ISMB-97: Intelligent Systems for Molecular Biology 1997 Gelfand Tutorial

The Fifth International Conference on Intelligent Systems for Molecular Biology (ISMB-97)

return to main index for ISMB97

Bayesian Inferences and Sampling Algorithms
A Second Generation in Statistical Bioinformatics
a tutorial
Chip Lawrence

Biometrics Lab, Wadsworth Labs, Albany, NY 12201
Phone (518) 473-3382 FAX: (518) 474-7992
Internet: chip.lawrence@wadsworth.org
Over the last few years statistical algorithms in the form of expectation maximization (EM) algorithms (Bailey and Elkans, 1994) (Lawrence and Reilly, 1996) hidden Markov models (HMM) (Baldi et. al, 1994)(Krough et.al. 1994), and Gibbs sampling algorithms (Lawrence et. al, 1993) (Liu, Nuewald, and Lawrence, 1995) have demonstrated their utility in biopolymer sequences analysis. The algorithmic advantages of these methods in solving some of bioinformatics` difficult combinatorial problems have been the basis for their success. However, only limited use has been made of two other key features of these approaches: statistical inference and generalizablity.

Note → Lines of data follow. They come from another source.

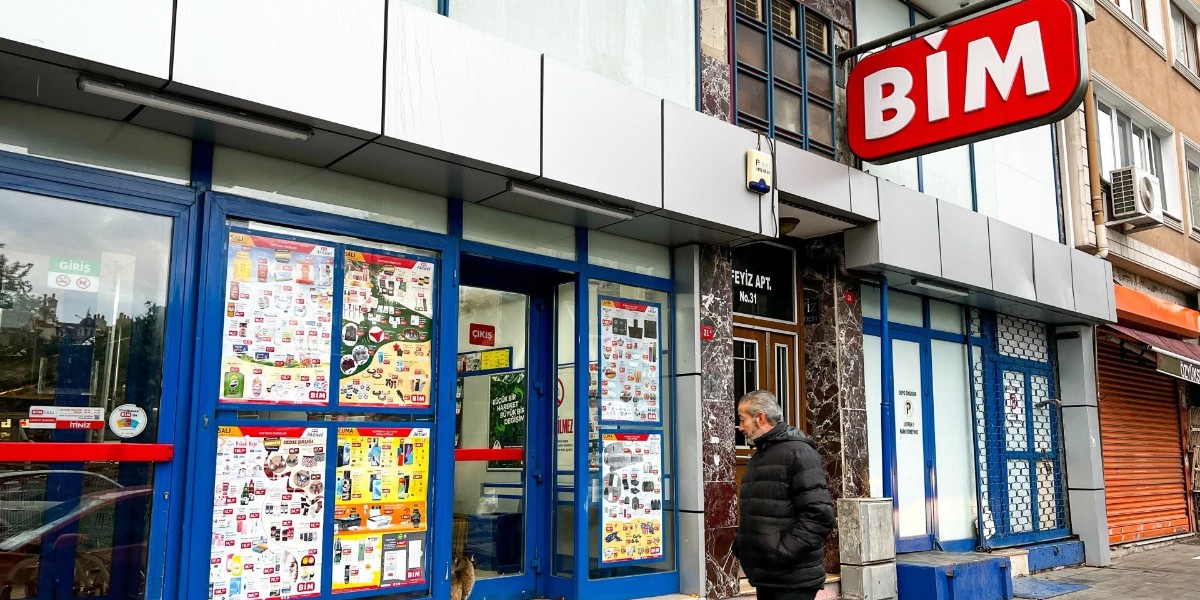 bim 19 eylül aktüel ürünler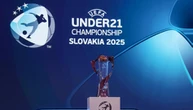 Сьогодні визначаться перші півфіналісти молодіжного ЧЄ-2025 з футболу (U21)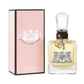 Juicy Couture EDP (L) 100ml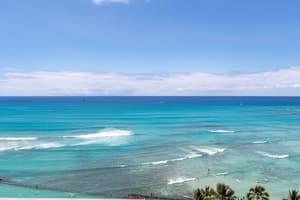 thumbnail: Beach/ocean view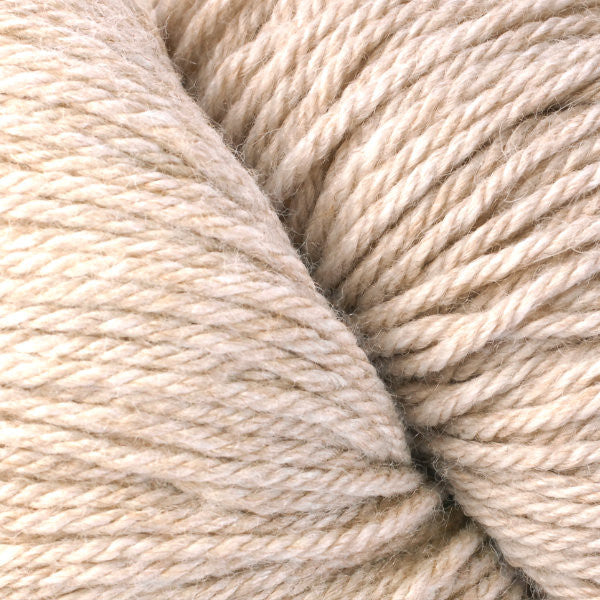 Berroco Vintage - Prismatic Fiber Arts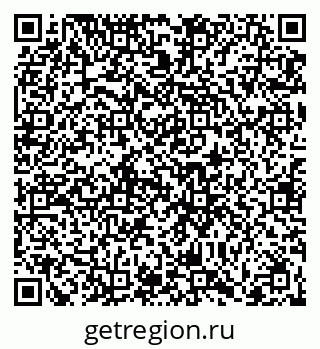 79066407988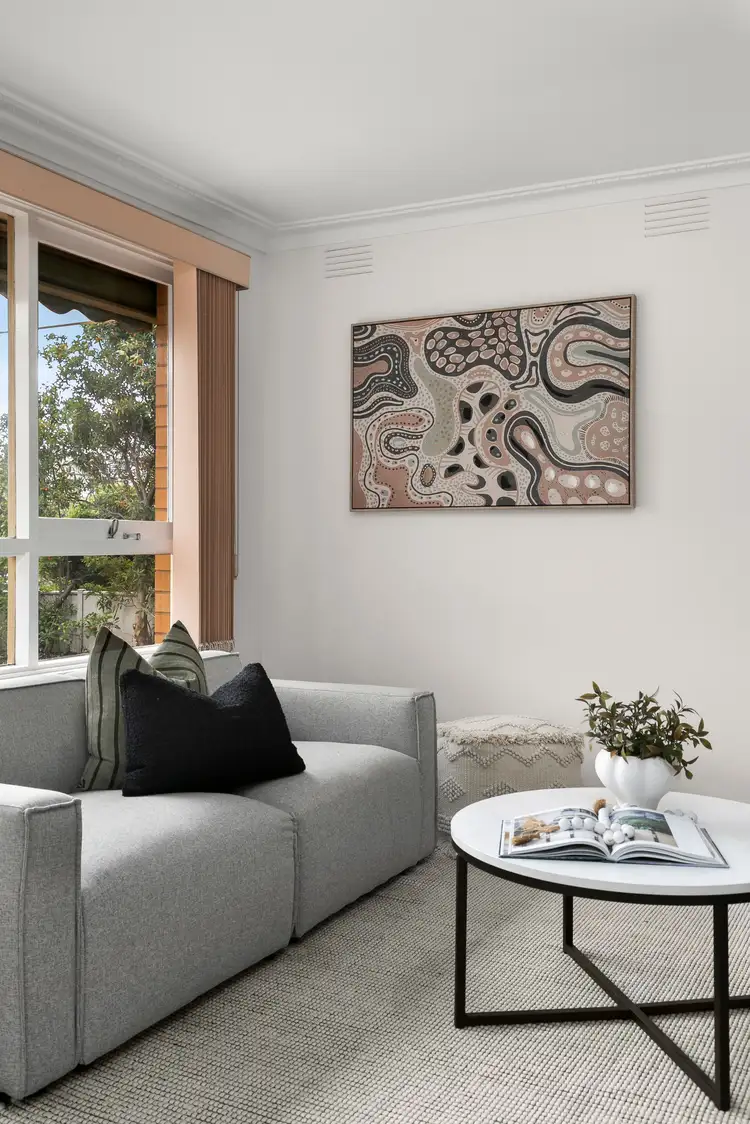 Fifth view of Homely house listing, 56 Outlook Drive, Glenroy VIC 3046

This tutorial will illustrate how Bayesian statistics give access to these features. We will begin with an overview of Bayesian statistics and associated probability theory. Next we will illustrate how nearly all existing single sequence and pairwise sequence methods can be formulated as stochastic models appropriate to Bayesian statistics. With this background as a starting point, we describe how Bayesian inferences can be used to solve some of the fields outstanding problems. For example, this approach eliminates the need to specify gap penalties and scoring matrices for pairwise alignment. We will describe how the exact posterior distribution of the number of gaps including the optimal number can be determined based on the data alone, and extend this derivation to selection of scoring matrices. Furthermore, we will illustrate how the "evidence" against the null, the Bayesian equivalent of a p-value, is obtained exactly. Generalizations of "dynamic programming" recursive algorithms which complete the sums required for these exact posteriors and yield samples from them will described.

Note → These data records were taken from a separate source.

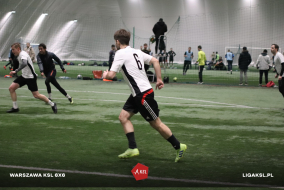 <a href="https://st.getinfootball.com/albums/1079770/63c817d94bc8d_1920.jpg" target="_blank">Download original</a>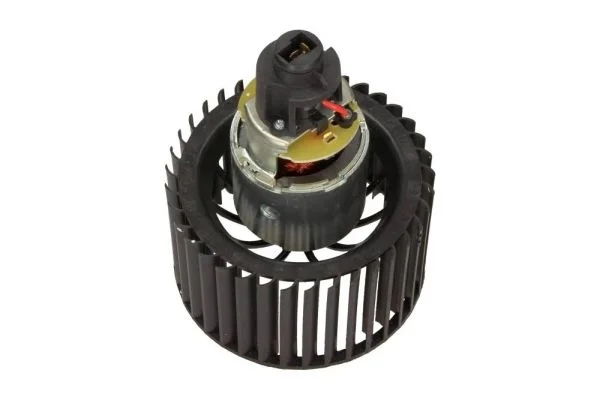Vnútorný ventilátor MAXGEAR 57-0010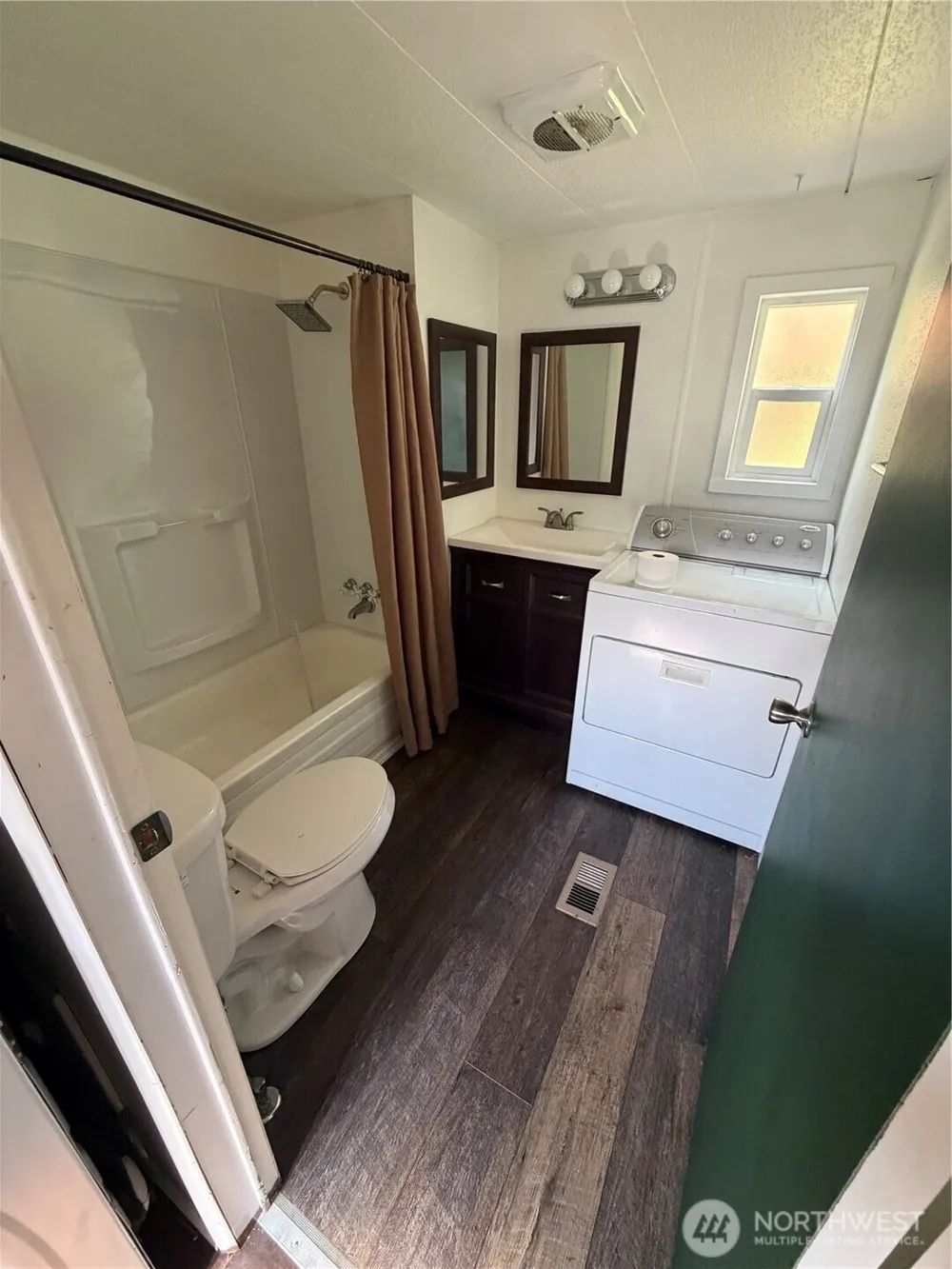 507 131st Street E #37 Tacoma, WA 98445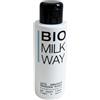 Nostre Montagne Prodotti Tipici Valle d' Latte idratante per capelli 250ml bio milk way
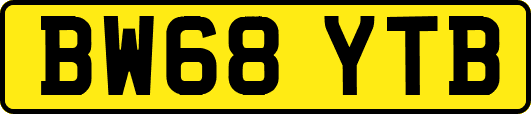 BW68YTB
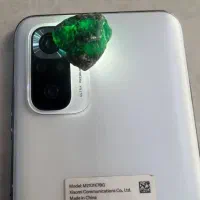 سنگ های راف اصل،وارداتی|جواهرات|تبریز, |دیوار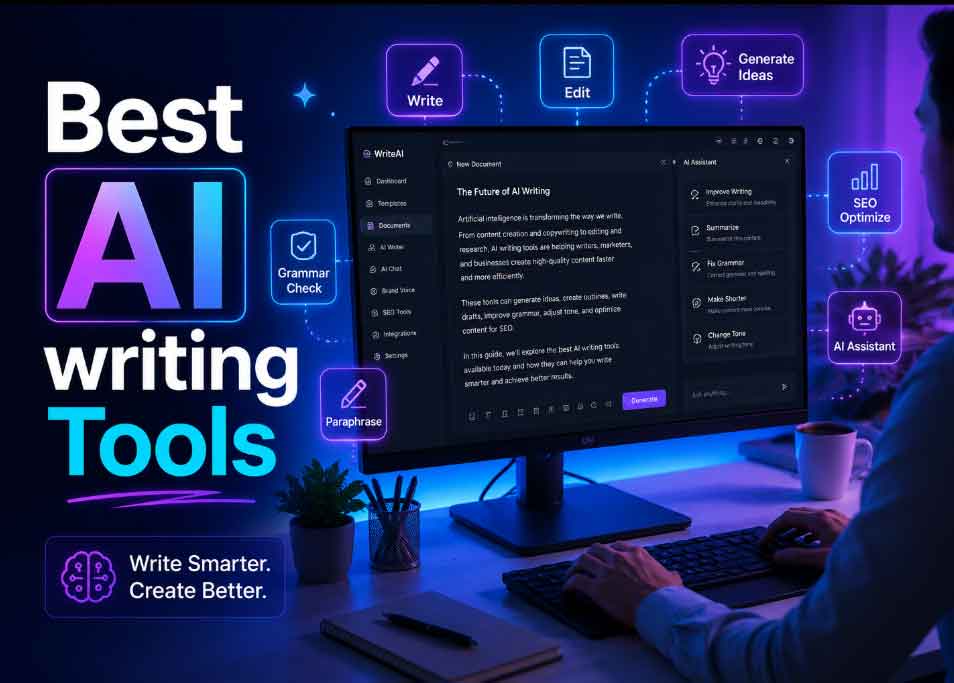 Best-ai-writing-tools-bloguper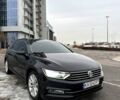 Чорний Фольксваген Пассат, об'ємом двигуна 1.6 л та пробігом 295 тис. км за 13000 $, фото 1 на Automoto.ua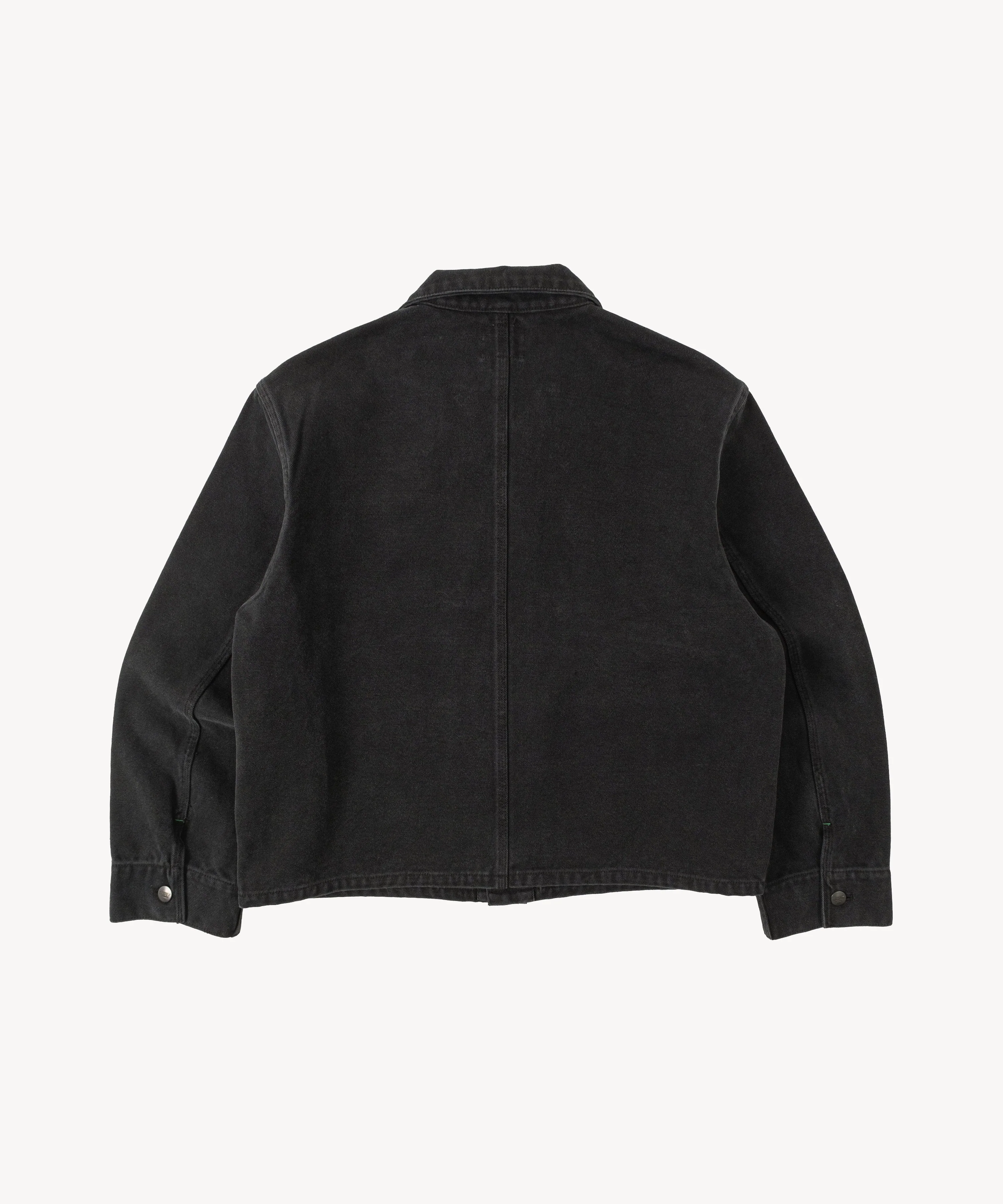 THE TOOLS JACKET - Image 6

Building on this foundation, the tutorial will also illustrate how nearly all existing single sequences and sequence pair methods can be generalized to multiple sequence algorithms using a unified Gibbs sampling approach (Liu and Lawrence, 1996). Just as algorithms for the determination of exact optimum for a multiple alignment are computational intractable, exact Bayesian inferences are also intractable. To address inferences for multiple sequences, approximate Bayesian inference criteria will be discussed. Applications of these approaches to sequence alignment, database searches, and structure prediction will be used through out to illustrate these concepts.